Start of Block

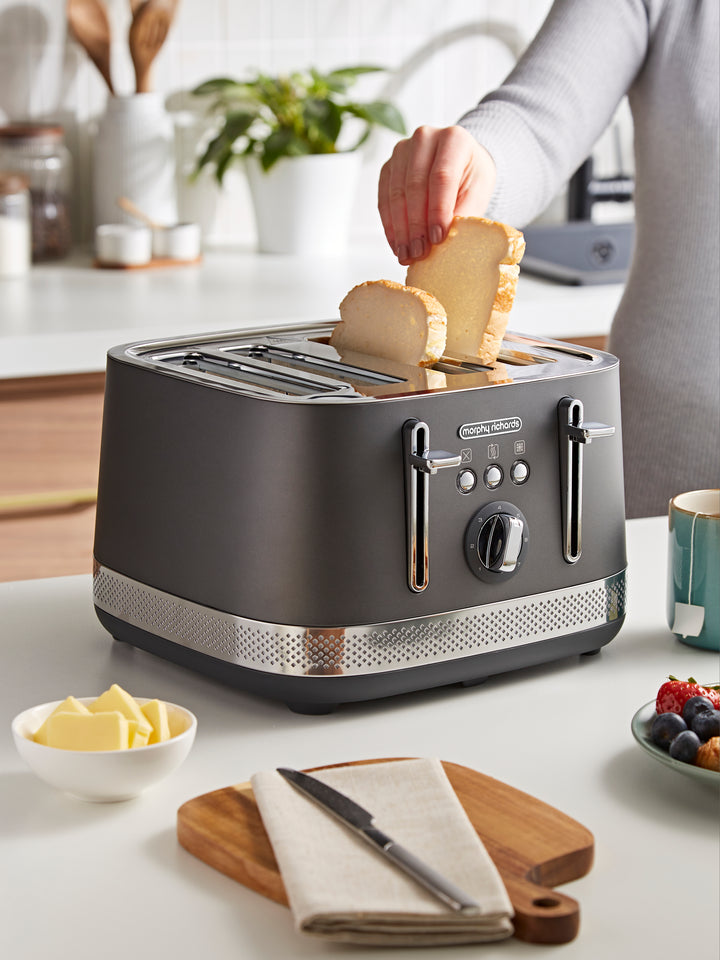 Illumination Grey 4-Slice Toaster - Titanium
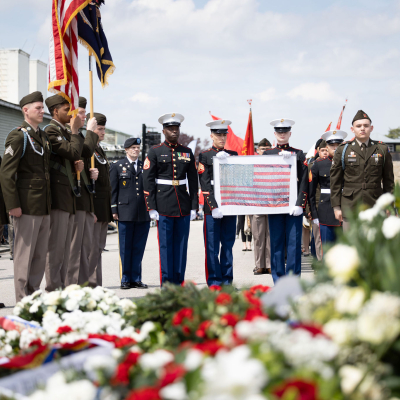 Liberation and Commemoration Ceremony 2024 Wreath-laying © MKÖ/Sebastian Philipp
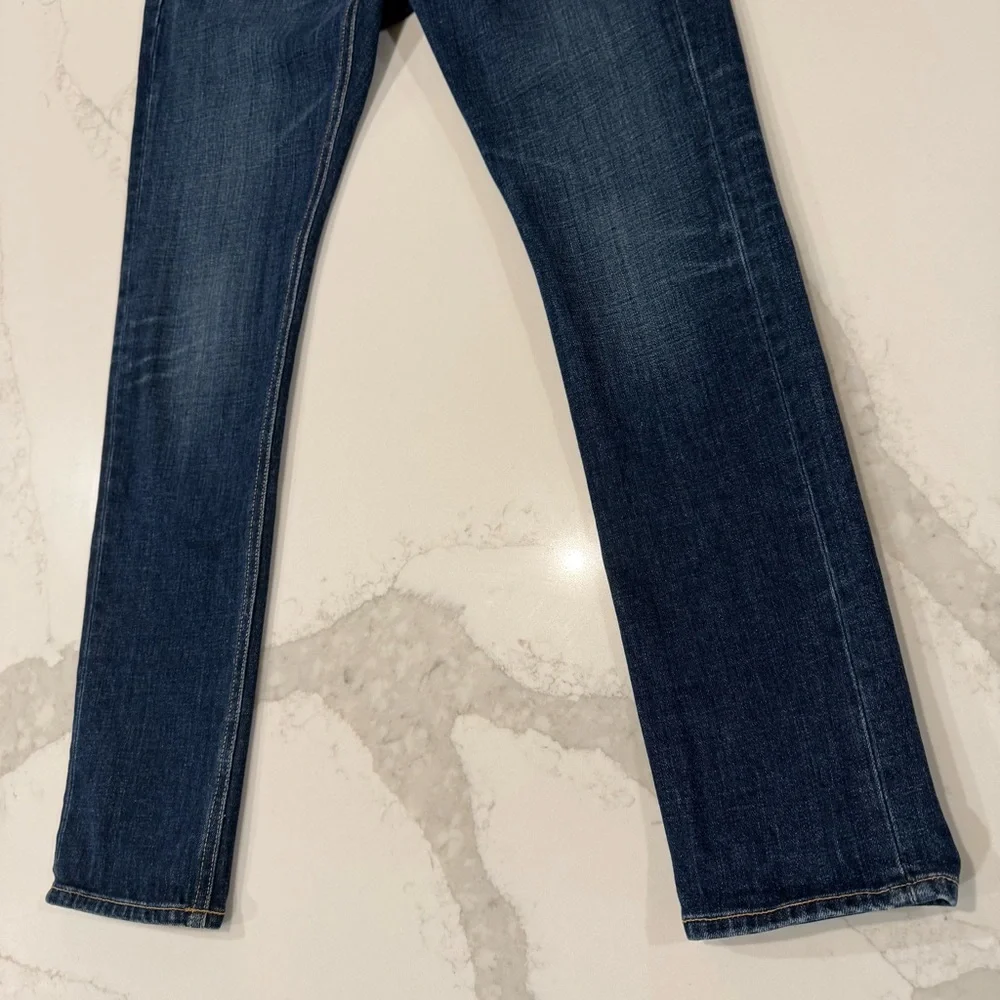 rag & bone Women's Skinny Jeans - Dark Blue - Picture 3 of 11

End of Block

• [Exercise details] What you return should match the material line for line, with the images removed.

• [Solution]
 Illumination Grey 4-Slice Toaster - Titanium
 Liberation and Commemoration Ceremony 2024 Wreath-laying © MKÖ/Sebastian Philipp
 rag & bone Women's Skinny Jeans - Dark Blue - Picture 3 of 11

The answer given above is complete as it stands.